-- Scraped caption text data --
____
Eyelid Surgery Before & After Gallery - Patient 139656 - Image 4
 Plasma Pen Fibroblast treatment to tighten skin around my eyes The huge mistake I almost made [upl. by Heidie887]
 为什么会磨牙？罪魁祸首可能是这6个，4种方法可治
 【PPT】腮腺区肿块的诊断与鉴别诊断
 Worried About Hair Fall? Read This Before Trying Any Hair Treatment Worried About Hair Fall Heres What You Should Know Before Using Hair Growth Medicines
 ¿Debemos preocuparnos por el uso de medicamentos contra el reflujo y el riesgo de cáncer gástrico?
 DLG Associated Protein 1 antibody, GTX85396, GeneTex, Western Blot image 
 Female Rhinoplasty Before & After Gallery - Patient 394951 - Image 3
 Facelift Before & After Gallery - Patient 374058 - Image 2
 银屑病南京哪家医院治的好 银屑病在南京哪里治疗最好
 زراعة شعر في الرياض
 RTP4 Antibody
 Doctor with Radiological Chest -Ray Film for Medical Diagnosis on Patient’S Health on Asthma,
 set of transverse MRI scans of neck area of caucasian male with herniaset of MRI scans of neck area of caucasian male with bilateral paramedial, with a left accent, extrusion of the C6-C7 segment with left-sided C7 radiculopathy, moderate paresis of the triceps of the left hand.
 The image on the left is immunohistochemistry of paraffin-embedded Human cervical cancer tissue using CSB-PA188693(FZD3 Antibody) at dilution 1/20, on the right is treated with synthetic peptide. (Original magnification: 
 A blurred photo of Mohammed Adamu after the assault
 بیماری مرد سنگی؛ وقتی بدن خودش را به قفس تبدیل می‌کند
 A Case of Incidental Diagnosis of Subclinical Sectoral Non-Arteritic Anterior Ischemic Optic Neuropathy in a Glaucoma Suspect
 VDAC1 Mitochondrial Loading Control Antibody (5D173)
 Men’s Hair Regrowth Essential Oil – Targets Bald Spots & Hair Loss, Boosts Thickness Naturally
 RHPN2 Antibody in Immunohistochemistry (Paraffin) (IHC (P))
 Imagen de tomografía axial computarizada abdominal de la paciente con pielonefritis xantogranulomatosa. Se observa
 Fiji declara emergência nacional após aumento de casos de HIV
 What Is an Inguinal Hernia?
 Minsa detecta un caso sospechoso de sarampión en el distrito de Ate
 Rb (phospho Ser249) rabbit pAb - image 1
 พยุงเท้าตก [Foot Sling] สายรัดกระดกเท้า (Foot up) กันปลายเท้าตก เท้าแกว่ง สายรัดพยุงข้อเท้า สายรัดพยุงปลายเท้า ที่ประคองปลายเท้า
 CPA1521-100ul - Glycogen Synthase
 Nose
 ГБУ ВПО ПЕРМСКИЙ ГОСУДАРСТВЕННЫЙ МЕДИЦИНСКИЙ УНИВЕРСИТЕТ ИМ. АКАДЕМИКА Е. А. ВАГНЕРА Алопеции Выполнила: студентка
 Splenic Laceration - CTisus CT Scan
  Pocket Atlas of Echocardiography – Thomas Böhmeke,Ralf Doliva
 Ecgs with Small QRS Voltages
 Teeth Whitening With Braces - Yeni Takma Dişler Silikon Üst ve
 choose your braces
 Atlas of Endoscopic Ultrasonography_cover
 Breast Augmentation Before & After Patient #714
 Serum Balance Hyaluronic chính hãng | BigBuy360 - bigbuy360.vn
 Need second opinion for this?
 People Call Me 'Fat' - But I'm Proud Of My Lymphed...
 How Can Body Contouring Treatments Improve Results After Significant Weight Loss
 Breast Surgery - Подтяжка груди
____
-- WHAT THE EXERCISE ASKS --
Make an exact copy of each line, beginning at the one containing "Ecgs with Small QRS Voltages" and ending with the last line of the data, and of no other line.

-- ANSWER TO THIS TASK --
 Ecgs with Small QRS Voltages
 Teeth Whitening With Braces - Yeni Takma Dişler Silikon Üst ve
 choose your braces
 Atlas of Endoscopic Ultrasonography_cover
 Breast Augmentation Before & After Patient #714
 Serum Balance Hyaluronic chính hãng | BigBuy360 - bigbuy360.vn
 Need second opinion for this?
 People Call Me 'Fat' - But I'm Proud Of My Lymphed...
 How Can Body Contouring Treatments Improve Results After Significant Weight Loss
 Breast Surgery - Подтяжка груди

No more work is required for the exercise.